I have long since come to find this wearying--so much so that even the occasional glance at the entertainment news is so often tiring, with all this especially going for the "prestige TV" churned out by the Midcult division of the Masscult machinery, the claquing on behalf of which has made the unhinged levels of critical acclaim with which The Sopranos was presented to the world increasingly the norm. Recently this claquing has extended to The Last of Us, which seems to be the successor to The Walking Dead as a prestige TV zombie show craze (because, apparently, someone decided that this trend simply cannot be allowed to end).

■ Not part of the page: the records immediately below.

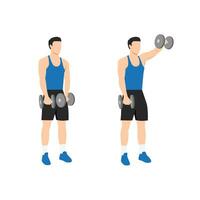 Man doing Forward. front shoulder single dumbbell raises exercise. Flat vector illustration isolated on white background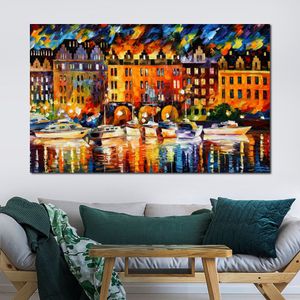 Château d'art de toile texturé coloré par la rivière peint à la main oeuvre abstraite paysage urbain de haute qualité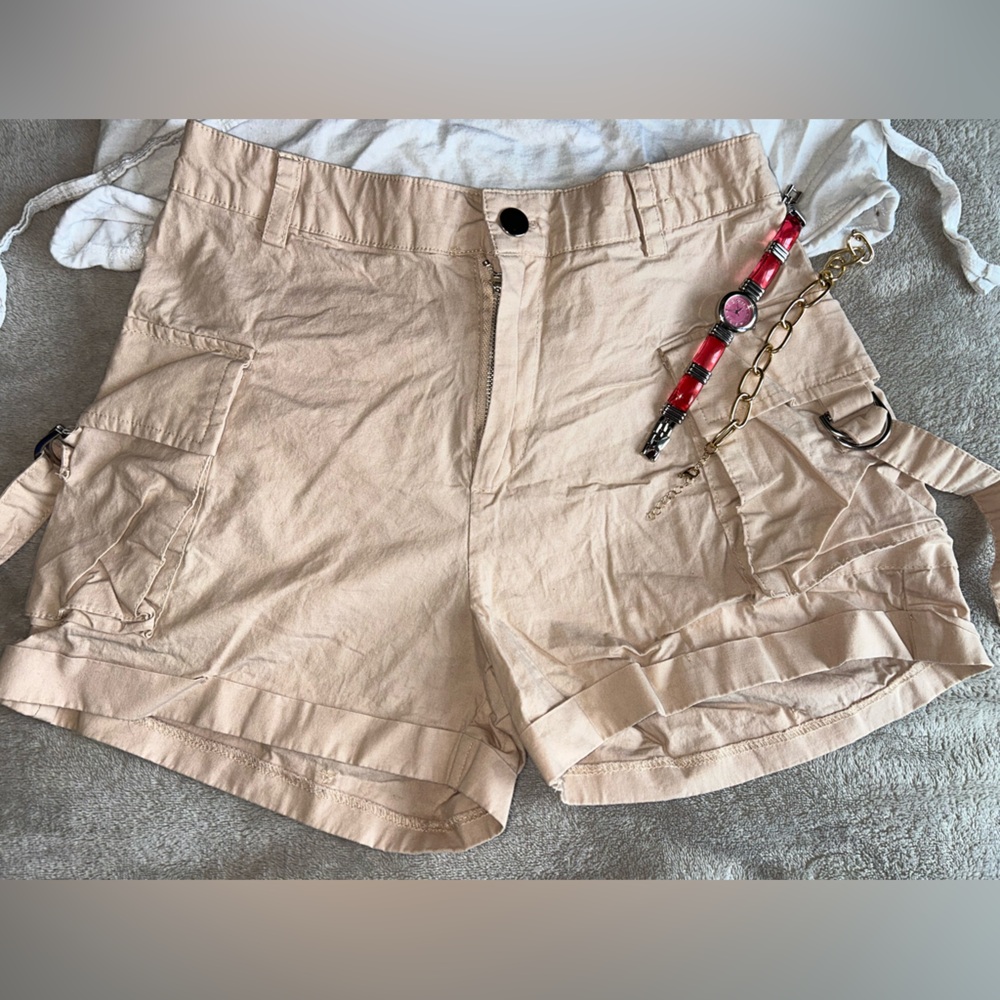 Women's Beige Cargo Shorts - Picture 2 of 4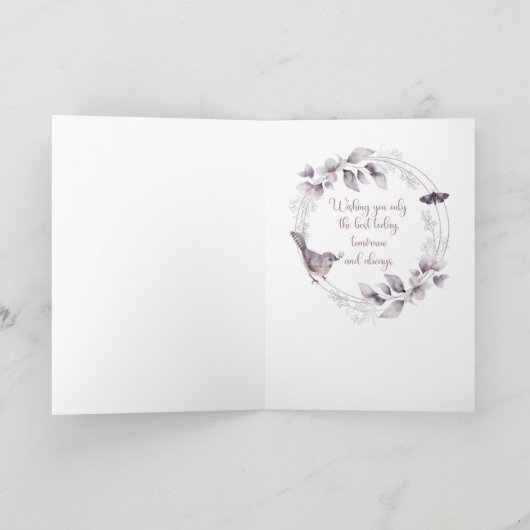 Stap zuster Bird en Butterflies Birthday Kaart (Binnen)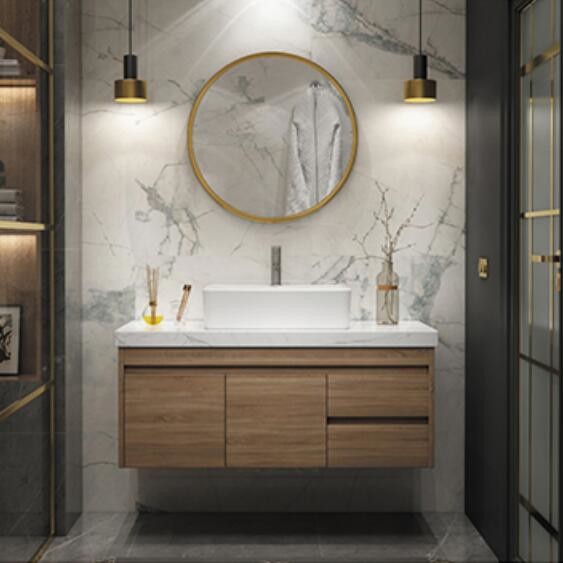 Wall Monted 800MM Contemporary Bathroom Cabinets Single Sink Bathroom Vanity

Naturally I have had an eye open for critical takes (especially when they did not fall into the standard, tiresome, "culture warriors vs. SJWs" pattern), with Ed Hightower supplying just that. As one might guess from his colleague Carlos Delgado's review of the game that was the show's basis as "a thoroughly miserable experience; nasty, gratuitously violent and misanthropic . . . more of a symptom of a coarse and violent culture than a commentary upon it," for Hightower the show "marks something of a new high-water mark for savage violence and self-assured misanthropy in the entertainment industry," with this drama in which "unspeakable cruelty" of various kinds is "most of the plot," in between acts of which cruelty the "dialogue barely rises above the level of grunts and barks." And, contrary to what those of fashionable, dark-and-gritty-loving taste may imagine, this was not meant as a compliment, the work not only repellent, but lazy, shallow and, rather than trite-but-true, trite-but-false throughout.

Sounds about right for this kind of thing.